The Vallance explanations are contained in a letter written to the Conservative MP Sir Julian Lewis following concerns raised by Derek Tripp, a local councillor in his constituency. He notes that in September, the Met Office decided to remove estimated data from three non-existent stations on its historic temperature database. “They recognised that confusion could be caused when there appears to be a continued flow of data on this website from stations that have closed,” he said.
In fact, the confusion was caused by the Daily Sceptic seeking FOI details in November of well-correlated neighbouring stations responsible for data at one of the stations, namely Lowestoft. The well-correlated explanation is often used by the Met Office and formed the basis of an earlier ‘fact check’ by Science Feedback that seems to have relied exclusively on text provided by the Met Office. Sanders had earlier determined that there were no such stations within a reasonable distance of Lowestoft. The Met Office admitted under FOI that it did not use such stations but rather made estimates using its HADUK-Grid. This was little more than passing the buck since HADUK-Grid inputs temperature information from nearby stations, none of which it seems can ever be identified.
Vallance went on to note that the historic dataset was for “general interest only and is not intended for climate monitoring purposes”. Curiously, Vallance failed to point out that this was a very recent explanation since it only appeared on the Met Office historic page after the Daily Sceptic submitted its FOI.
On the 80% junk nature of the Met Office’s temperature sites, Vallance rushes to the aid of the party. “It is misleading and inappropriate to interpret the CIMO classifications in isolation to question the quality of the Met Office’s observing network or the integrity of the UK’s climate record,” he states. What pompous piffle. In-house activists have been allowed to leverage the reputation of the Met Office to produce a flood of dubious measurements and statistics designed to create mass climate psychosis with the aim of promoting a hard-Left Net Zero agenda.

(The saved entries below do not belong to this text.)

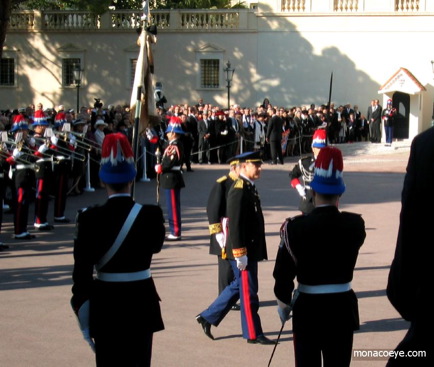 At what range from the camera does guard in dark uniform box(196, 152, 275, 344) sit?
8.45m

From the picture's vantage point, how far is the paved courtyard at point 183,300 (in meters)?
8.12

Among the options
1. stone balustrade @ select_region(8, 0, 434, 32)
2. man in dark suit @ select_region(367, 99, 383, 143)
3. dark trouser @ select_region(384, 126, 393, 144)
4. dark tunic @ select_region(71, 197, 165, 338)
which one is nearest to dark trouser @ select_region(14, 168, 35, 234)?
dark tunic @ select_region(71, 197, 165, 338)

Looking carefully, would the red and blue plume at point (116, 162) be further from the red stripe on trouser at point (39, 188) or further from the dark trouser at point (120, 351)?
the red stripe on trouser at point (39, 188)

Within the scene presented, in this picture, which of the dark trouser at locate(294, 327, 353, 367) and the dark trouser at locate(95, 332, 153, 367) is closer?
the dark trouser at locate(95, 332, 153, 367)

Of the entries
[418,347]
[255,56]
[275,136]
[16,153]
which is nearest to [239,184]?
[418,347]

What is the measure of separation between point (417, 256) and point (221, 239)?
18.2ft

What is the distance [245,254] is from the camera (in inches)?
331

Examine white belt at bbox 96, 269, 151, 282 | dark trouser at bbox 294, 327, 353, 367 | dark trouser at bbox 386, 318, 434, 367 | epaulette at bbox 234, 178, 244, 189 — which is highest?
epaulette at bbox 234, 178, 244, 189

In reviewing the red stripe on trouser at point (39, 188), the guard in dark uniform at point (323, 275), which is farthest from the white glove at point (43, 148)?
the guard in dark uniform at point (323, 275)

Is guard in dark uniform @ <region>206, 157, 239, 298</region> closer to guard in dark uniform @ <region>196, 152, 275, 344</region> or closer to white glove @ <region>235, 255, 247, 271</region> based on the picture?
guard in dark uniform @ <region>196, 152, 275, 344</region>

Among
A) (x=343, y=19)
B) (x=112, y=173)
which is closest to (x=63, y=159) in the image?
(x=112, y=173)

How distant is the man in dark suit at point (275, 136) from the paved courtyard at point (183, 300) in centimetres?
1087

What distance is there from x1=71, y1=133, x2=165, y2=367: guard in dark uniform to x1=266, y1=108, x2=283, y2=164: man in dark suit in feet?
80.5

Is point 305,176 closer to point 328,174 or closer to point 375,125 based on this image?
point 328,174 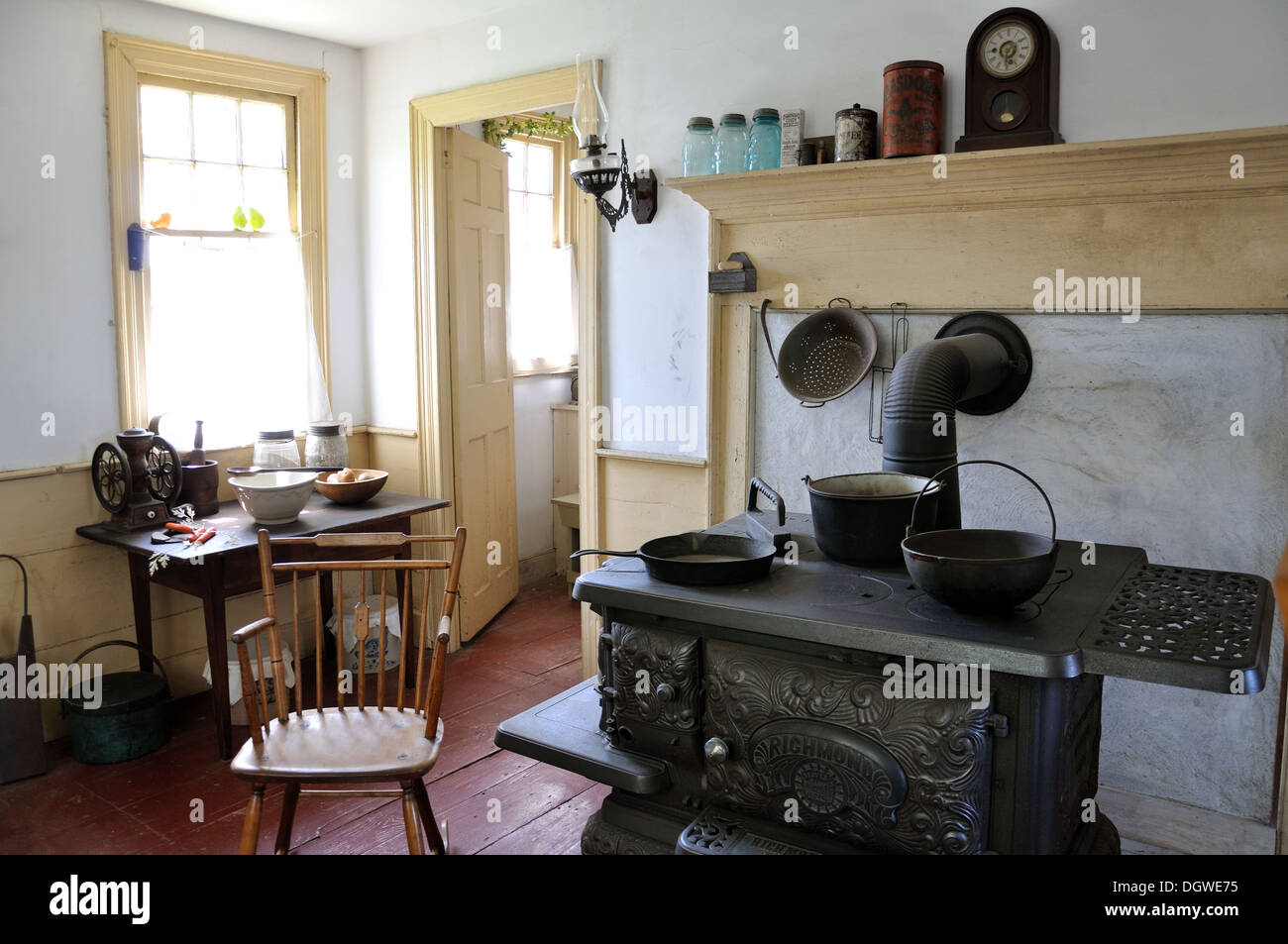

The World Meteorological Organisation could not be clearer in stating that a CIMO Class 1 location can be considered as a “reference” site giving a true air temperature over a wide surrounding area. “A Class 5 site is a site where nearby obstacles create an inappropriate environment for a meteorological measurement that is intended to be representative of a wide area,” it notes. A site with a poor class number can still be valuable for a specified application, it adds.
In other words, a Class 5 is useful for giving jet pilots a vital runway temperature, but less so for telling us that the annual temperature in the UK was 0.06°C cooler in 2023 than the ‘record’ year of 2022.
Vallance also claims that the Met Office “follows a structured, requirements-driven process to identify and establish new land observing stations”. It is reasonable to ask what “requirements-driven” process is being used by the Met Office, given that a large majority of sites started over the last 30, 10 and five years are to be found in the junk 4 and 5 Classes. Even worse, the Daily Sceptic has disclosed using FOI information that 20 new sites have opened since April 2024, and of the 17 that have received CIMO classifications, a frankly incredible 64.7% started life in the Class 4 and 5 junk lane.
And they say we are the conspiracy nuts.